Selecting Your Business Valuation Professional
Understanding the qualifications of your valuation professional will prove to be invaluable. While knowledge of finance, business and tax laws are essential, industry knowledge and sound judgement are equally important. Each of these qualities can be gauged by reviewing the business appraiser’s credentials, track-record and references.
As you begin to research the qualifications of business appraisers keep in mind that although no certification or licenses are required to perform valuations, reviewing the credentials of the professional will certainly give an indication of their expertise. With so many different valuation designations from different organization existing, it can be difficult to know which ones to trust. Among all of the credentials available, individuals holding the Accredited Senior Appraiser (ASA) designation, offered through The American Society of Appraisers, go through the most stringent application and examination process. You’ll know you are on the right track if your business valuation professional holds an ASA designation which can easily be verified at http://www.appraisers.org/find-an-appraiser.

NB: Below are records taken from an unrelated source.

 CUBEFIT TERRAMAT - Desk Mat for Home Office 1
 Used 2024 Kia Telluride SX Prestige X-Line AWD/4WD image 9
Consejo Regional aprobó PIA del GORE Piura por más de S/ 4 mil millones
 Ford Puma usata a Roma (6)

Next, review the valuation appraiser’s track-record. Has the appraiser been successful in dealing with valuations that have been challenged? It is not uncommon for the Internal Revenue Service (IRS) to scrutinize certain financial information used to value a business. Ask the valuation professional about their success rate in dealing with the IRS. A competent expert will arrive at a proper value and be able to justify and overcome IRS challenges.

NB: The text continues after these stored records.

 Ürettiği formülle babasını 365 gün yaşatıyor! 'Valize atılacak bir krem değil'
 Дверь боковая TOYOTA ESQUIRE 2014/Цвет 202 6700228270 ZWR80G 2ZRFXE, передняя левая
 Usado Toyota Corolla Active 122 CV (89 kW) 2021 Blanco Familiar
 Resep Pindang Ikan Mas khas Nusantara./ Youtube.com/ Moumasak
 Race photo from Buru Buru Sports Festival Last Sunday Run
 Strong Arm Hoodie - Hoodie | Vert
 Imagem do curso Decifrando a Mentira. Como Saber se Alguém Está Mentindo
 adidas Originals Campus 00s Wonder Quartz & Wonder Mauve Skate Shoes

Finally, check the references of valuation professionals. A reputable valuation expert will have relationships with numerous professional service providers such as attorneys, accountants, and wealth advisors. Your valuation professional should be able to provide you with a number of solid references which demonstrate his or her skill level, judgement and industry expertise.
If the valuation expert passes each of the above tests, you should feel confident that you have selected a professional who will take the time to develop a clear understanding of your company and the marketplace to derive a reasonable value.

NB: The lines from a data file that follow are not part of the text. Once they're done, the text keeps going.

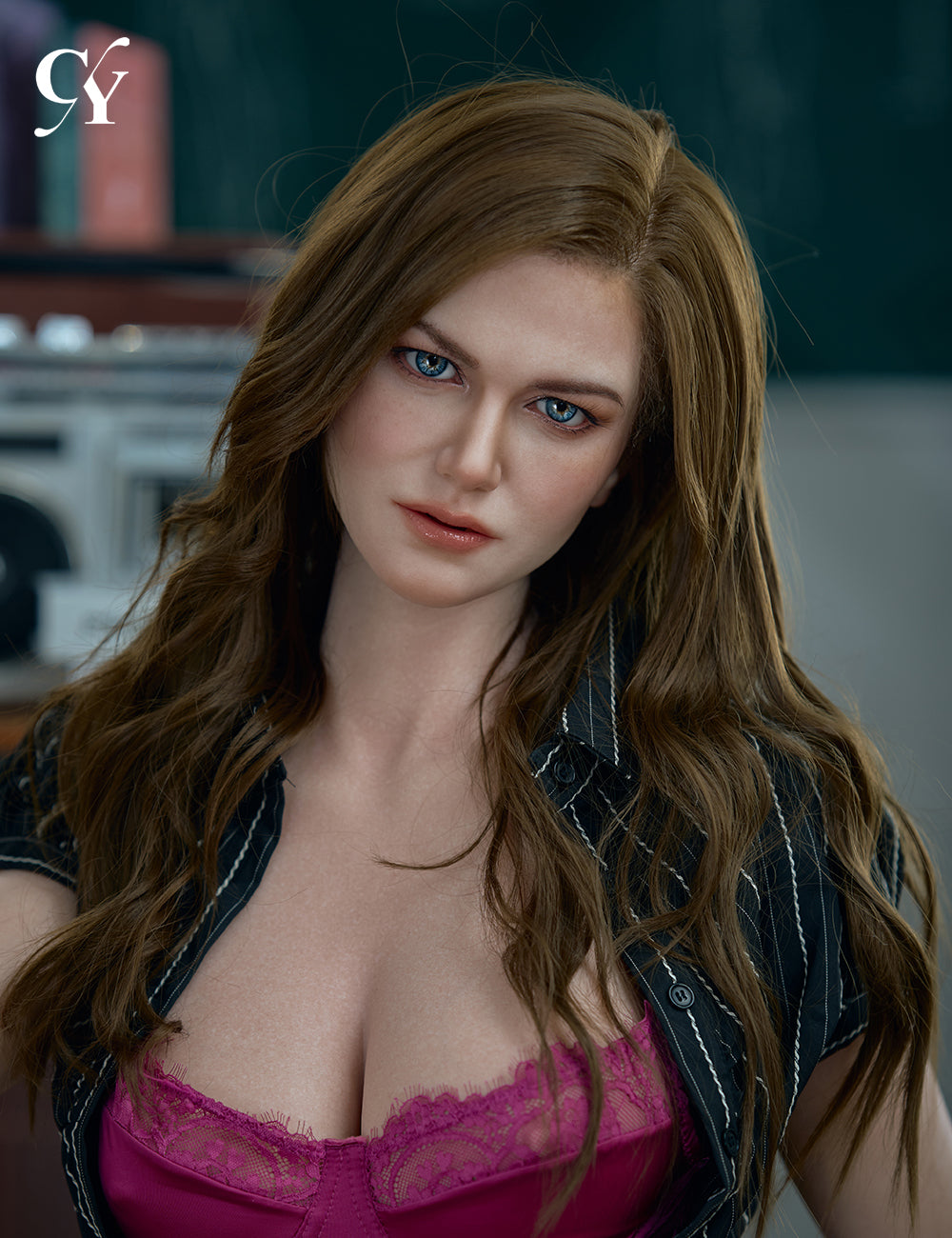 TOP-CYDOLL Rebecca - 176cm (Silicone) Sex Doll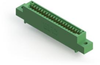 Card Edge Conn, Single Side, 20Pos, Th; Card Edge Connector Type Edac - 67AJ2089 - Newark, An Avnet Company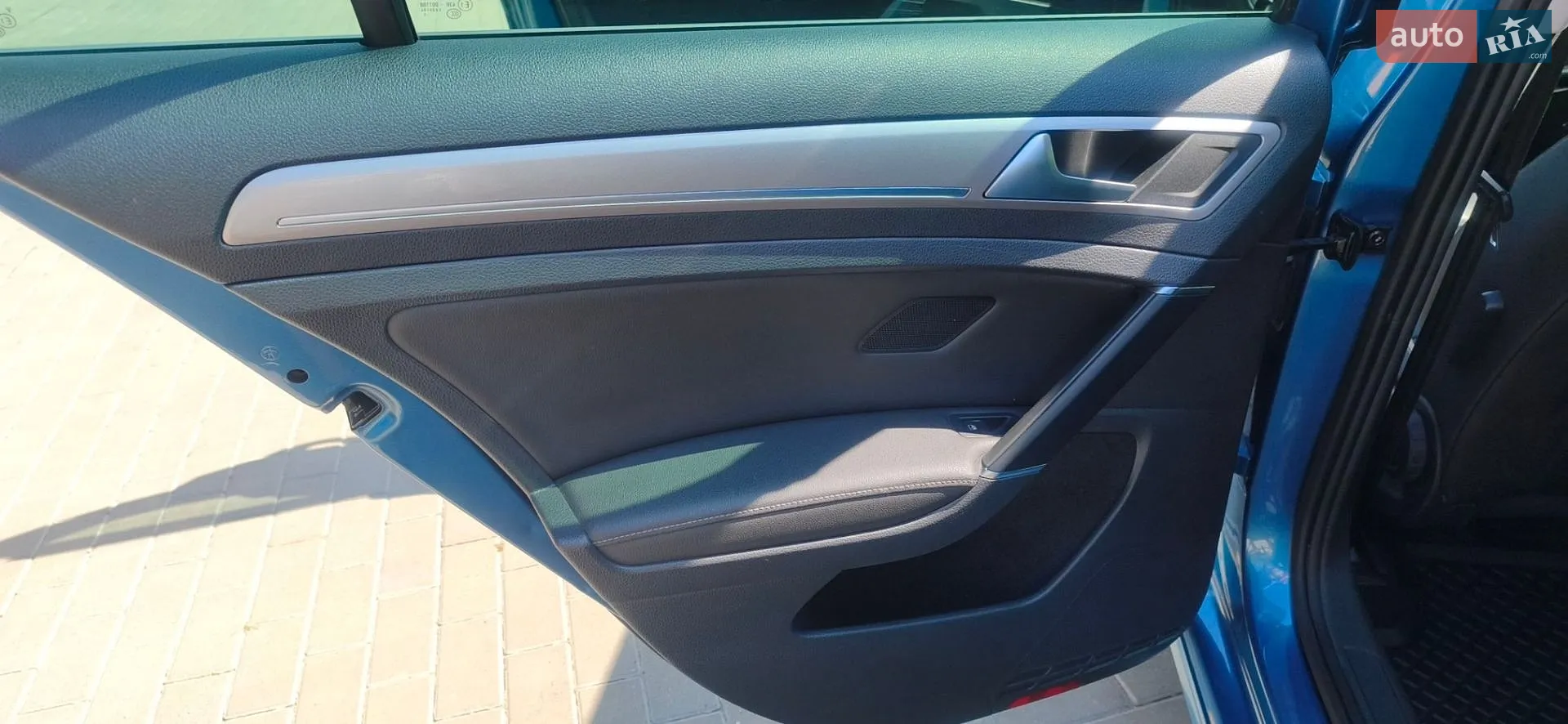 2015 Volkswagen Golf - мініатюра 21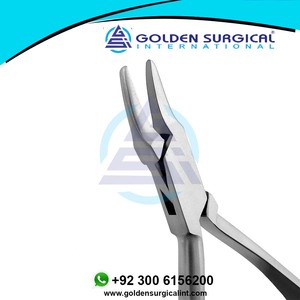 Gordon contouring คีมจัดฟันเพื่อรูปร่างและรูปร่างสาย, วงดนตรี, ครอบฟันและขาเทียม | เครื่องมือทันตกรรมรากฟันเทียม - Product Image 4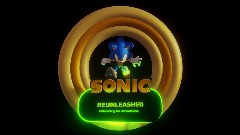 SONIC REUNLEASHED
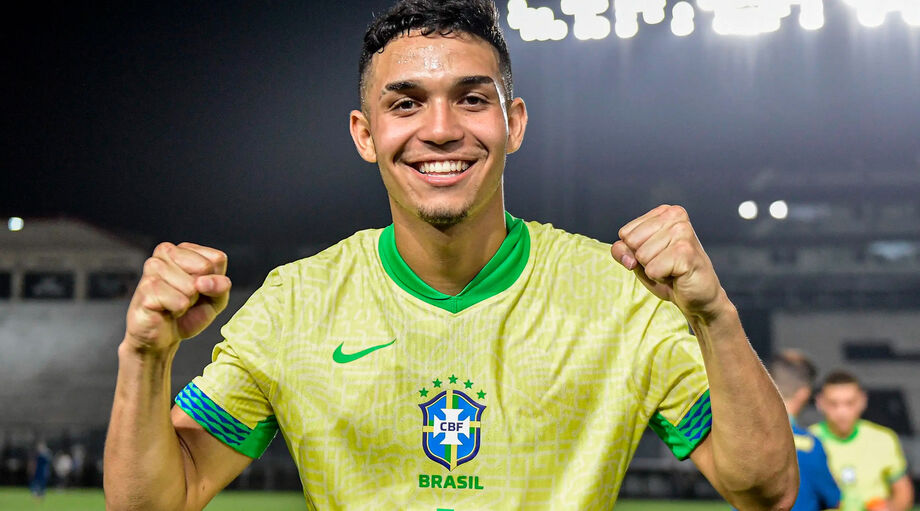 Arthur Dias, de Campo Grande, é convocado para o Sul-Americano sub-20. Zagueiro do Athletico-PR estreia com a seleção dia 24 contra a Argentina.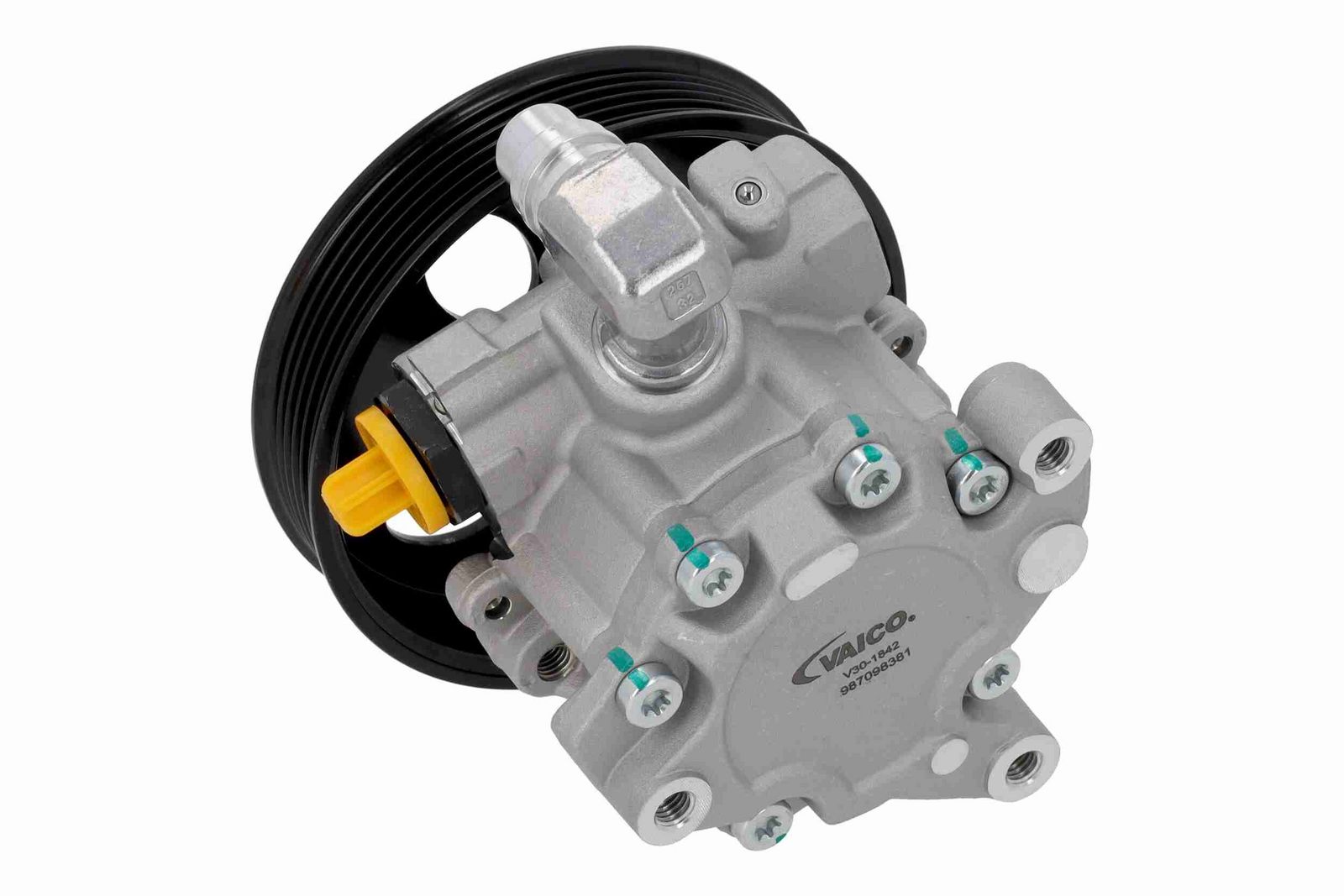 Hydraulic Pump, steering-2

Scope of Valuation Engagement
The valuation process starts with a conversation with the business valuation professional. During this discussion the valuation appraiser will ascertain the reason for the valuation and the nature of your business, as well as the percentage and type of interest to be valued. This conversation typically takes no more than 15-30 minutes.
Once the facts are gathered about the proposed engagement, the valuation professional will create an engagement letter which outlines the terms and objectives of the valuation, including the reason for the valuation, the valuation date, the cost and time frame. After you have read the engagement letter to ensure all of the facts are correct, you can sign and return the letter to initiate the engagement.
Your main responsibility during the valuation process is to provide the valuation professional information about your business. At the beginning of the engagement, the valuation company will provide you a request for documents. The list will include items such as financial statements for the last several years, business plans and forecasts, articles of incorporation, operating agreements, various schedules, contracts, etc. Providing accurate documents in a timely fashion will generally ensure your valuation report is completed quickly and accurately.
The valuation company will want to do a site-visit. This visit includes a tour of your facilities, as well as a sit-down meeting involving the valuation professional and members of the management team. By this time, the valuation professional has reviewed historical financial statements and other relevant documents so that he or she can discuss items like the profitability of the company and the condition of the balance sheet, and any other relevant facts. The condition of the business, factors that drive value, various milestones achieved over the business lifecycle, and goals and forecasts will be of particular interest to the interviewer.
Research and Analysis
Equipped with information, the valuation professional will begin the process of valuing the company. The process includes valuation modeling, a process of constructing mathematical models, generally in spreadsheets, that seek to accurately reflect the historical and forecasted operations of the company. The models used might range from the very simple to the very complex, depending on the nature of the company. The models used will ultimately be based on one or more of three overall valuation approaches.
Upon a complete analysis of your business and industry, and a reconciliation of the valuation approaches, a value will be determined. This is usually an iterative process as the valuation will go through several rounds of peer review among the valuation team to form a solid rationale for the valuation. Once the value is determined, a thorough report will be provided to you in a draft version. You will be given the opportunity to review the report and provide feedback, as needed. Once the draft version has been approved, you will receive a signed copy of the final report.
This is a highly simplified version of the valuation process, but gives you an idea of what to expect.